The response should consist of the data below, copied exactly, with no pictures in it.

**Source data:**
══════

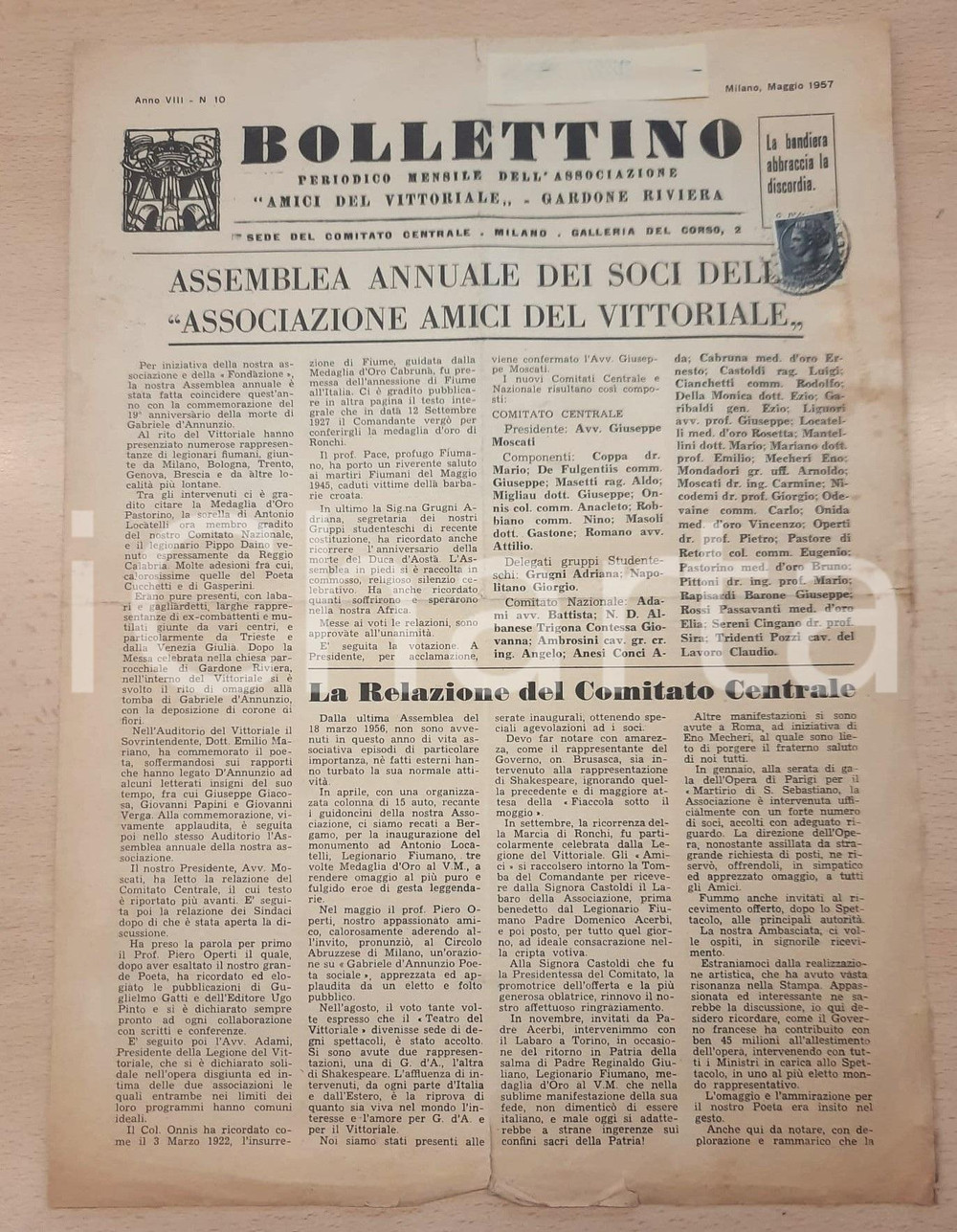 Giornale, rivista storica 1957 BOLLETTINO Amici Vittoriale  Il San Sebastiano all Opera di Parigi 1
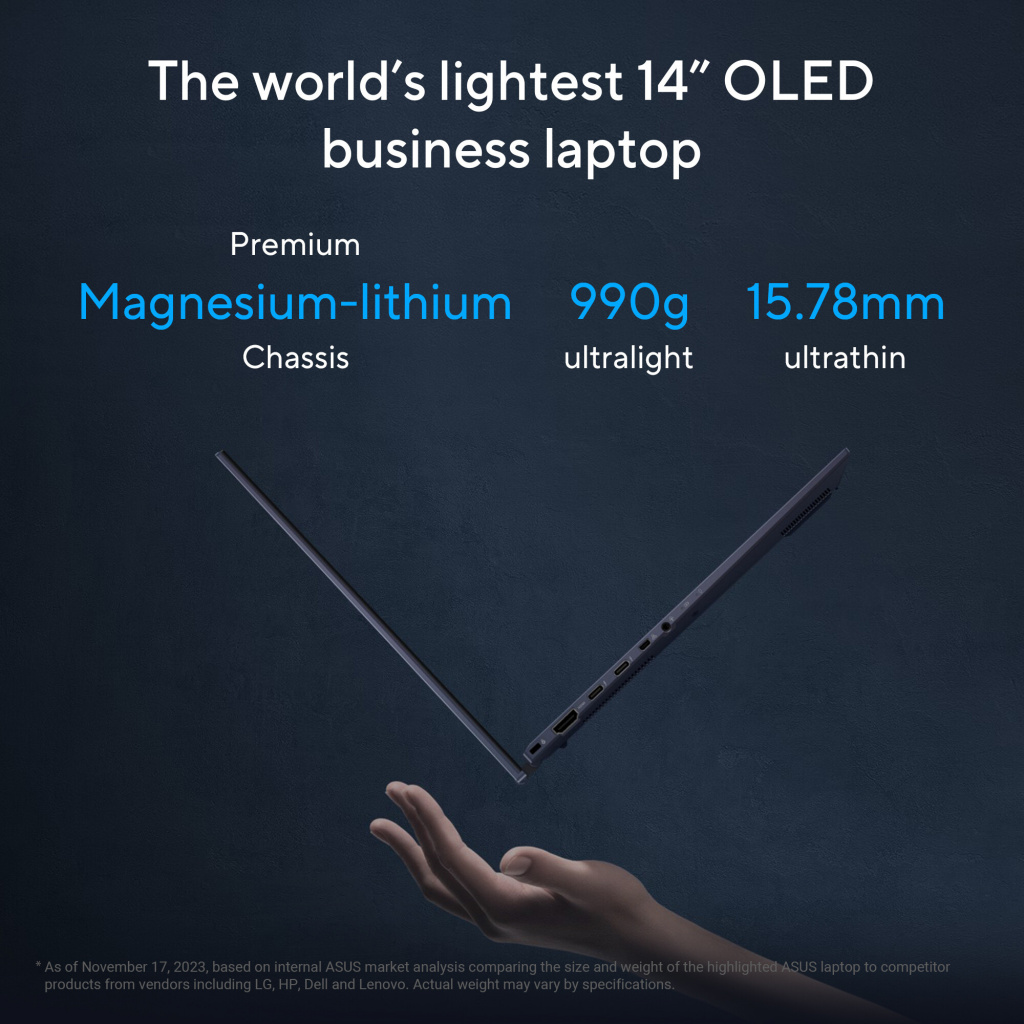 ASUS ExpertBook B9 OLED B9403CVAR-PP1678X Intel Core 7 150U Laptop 35,6 cm (14") WQXGA+ 32 GB LPDDR5x-SDRAM 1 TB SSD Wi-Fi 6E (8 - Afbeelding 7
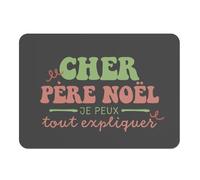 Set de Table Dessous en Caoutchouc Noir - Cher Père Noel Je Peux Tout Expliquer Noel Hiver Cadeau - Grand Format 39,5 x 28,5 cm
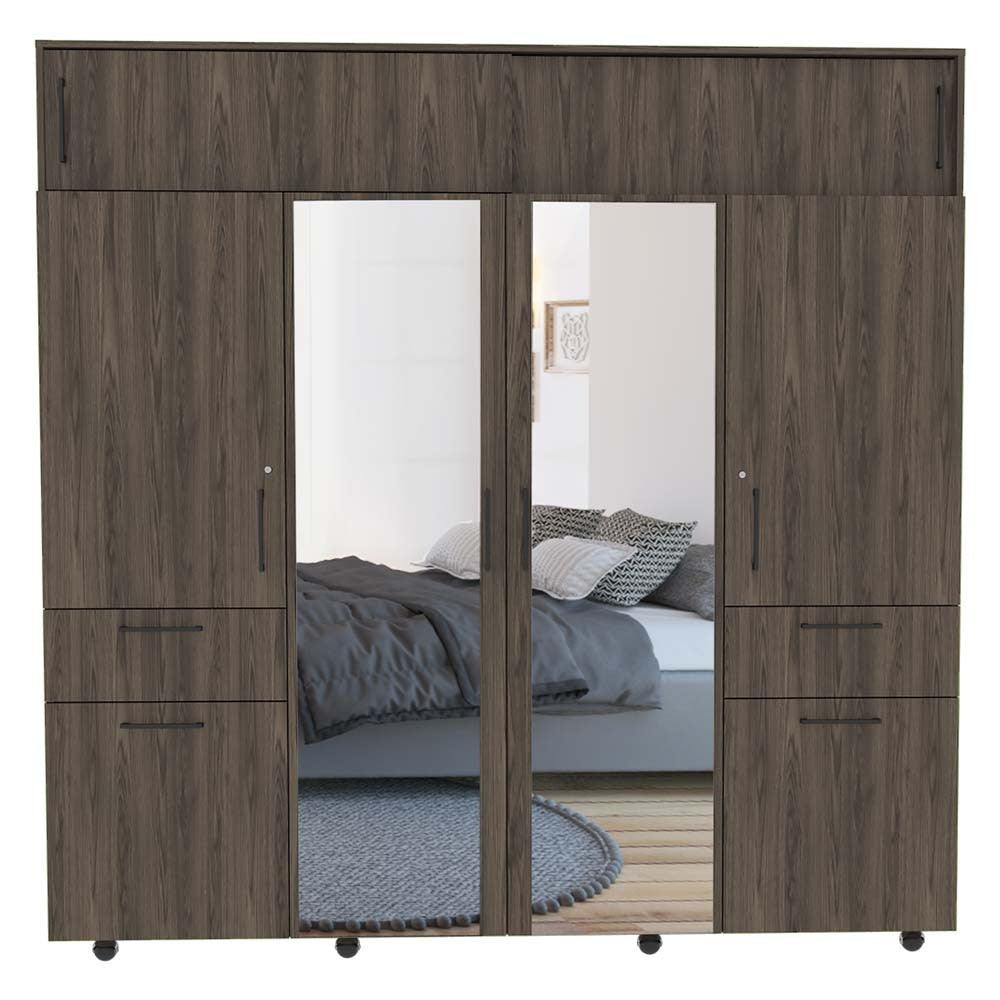Closet Vanguardia con Espejo color Chocolate y Wengue para Habitación.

══════

**Answer to the problem:**
 Giornale, rivista storica 1957 BOLLETTINO Amici Vittoriale  Il San Sebastiano all Opera di Parigi 1
 ASUS ExpertBook B9 OLED B9403CVAR-PP1678X Intel Core 7 150U Laptop 35,6 cm (14") WQXGA+ 32 GB LPDDR5x-SDRAM 1 TB SSD Wi-Fi 6E (8 - Afbeelding 7
 Set de Table Dessous en Caoutchouc Noir - Cher Père Noel Je Peux Tout Expliquer Noel Hiver Cadeau - Grand Format 39,5 x 28,5 cm
Closet Vanguardia con Espejo color Chocolate y Wengue para Habitación.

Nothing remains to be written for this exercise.